● **Recorded data**:
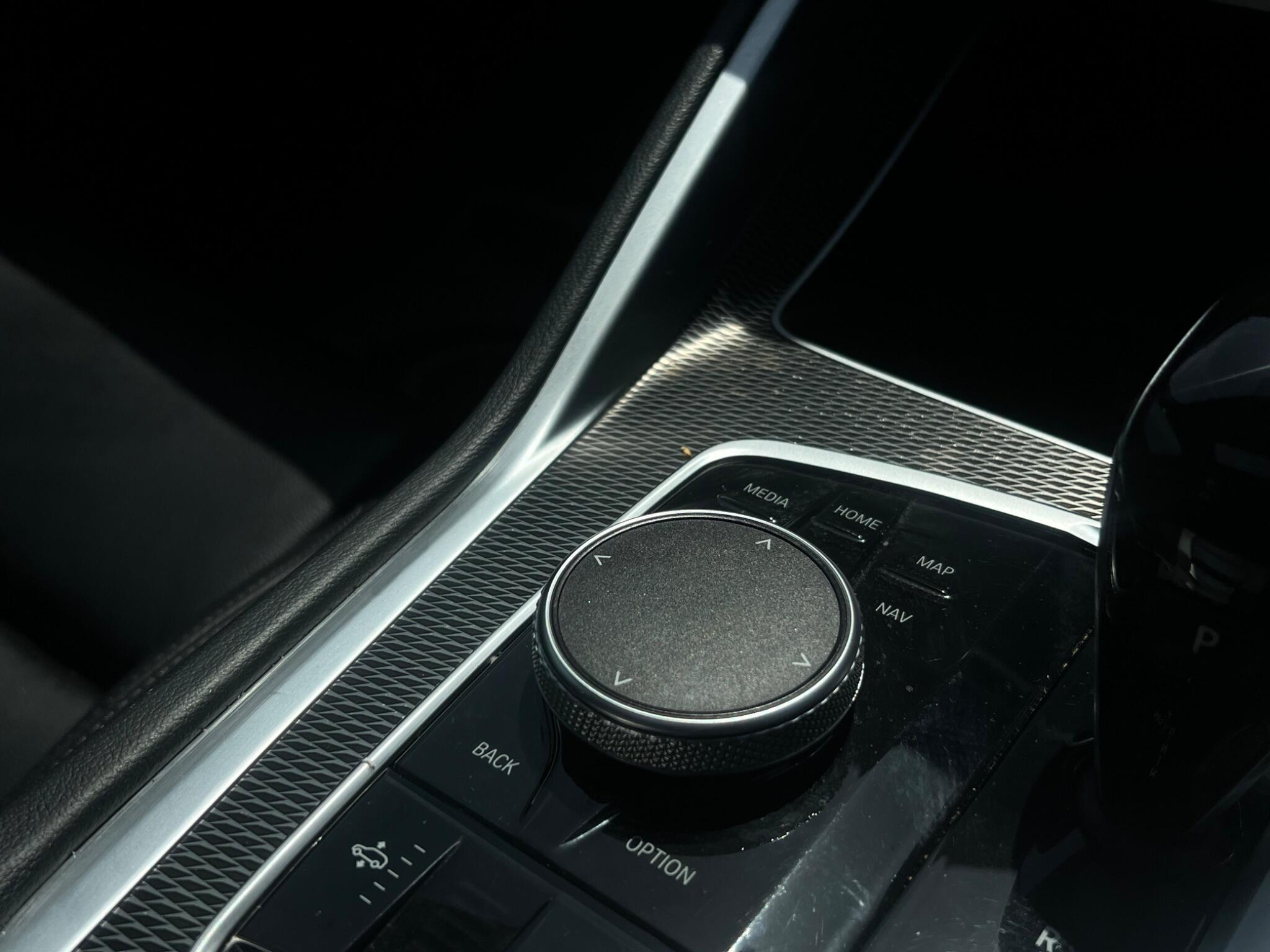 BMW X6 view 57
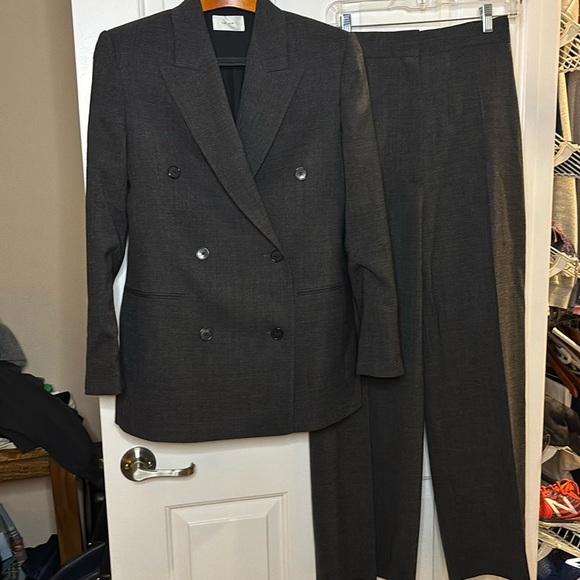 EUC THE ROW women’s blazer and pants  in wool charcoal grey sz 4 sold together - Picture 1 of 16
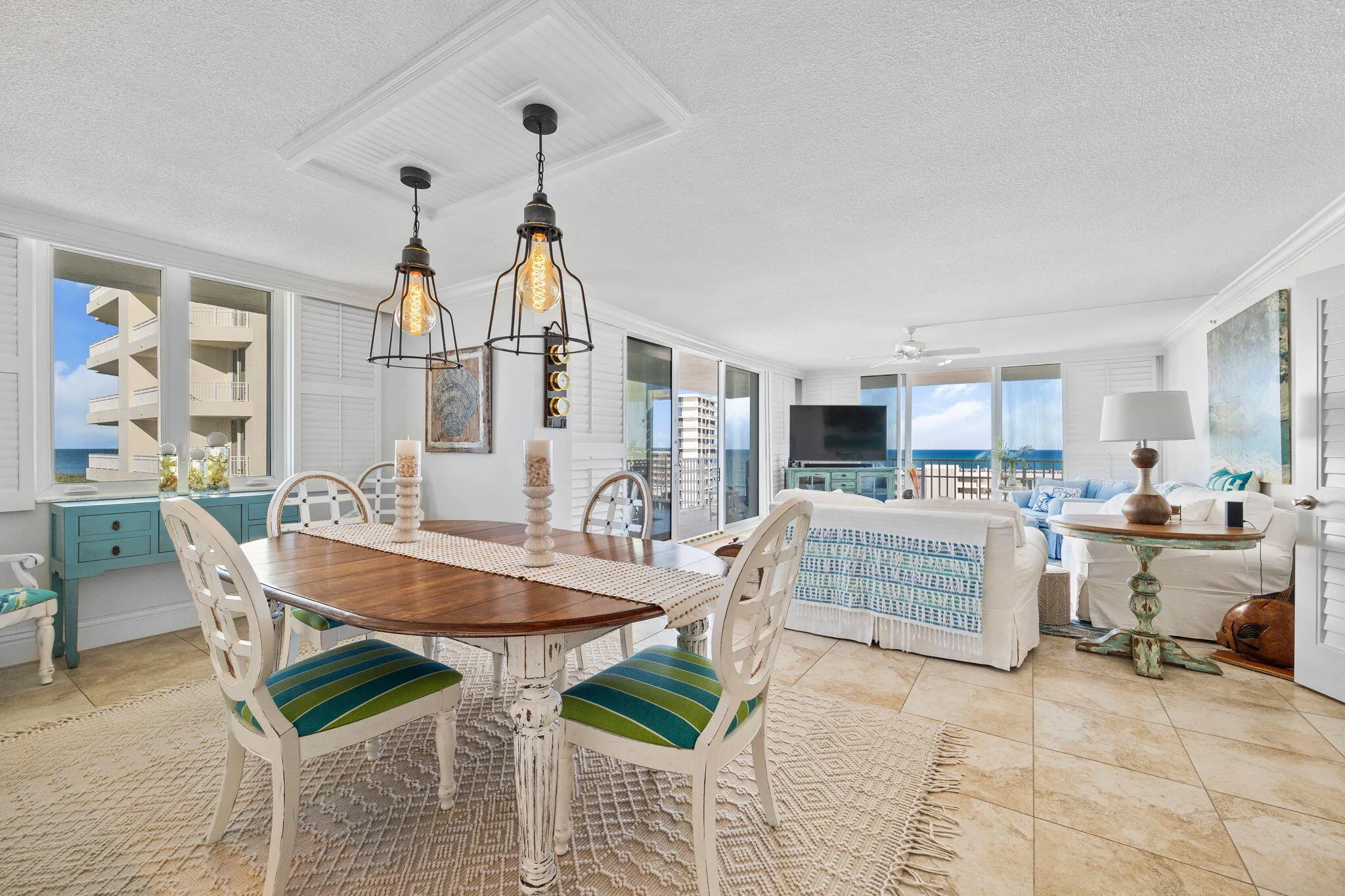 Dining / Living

● **Task statement**: Each line of the listing must be restated word for word, and the pictures left out.

● **Response below**:
 BMW X6 view 57
 EUC THE ROW women’s blazer and pants  in wool charcoal grey sz 4 sold together - Picture 1 of 16
 Dining / Living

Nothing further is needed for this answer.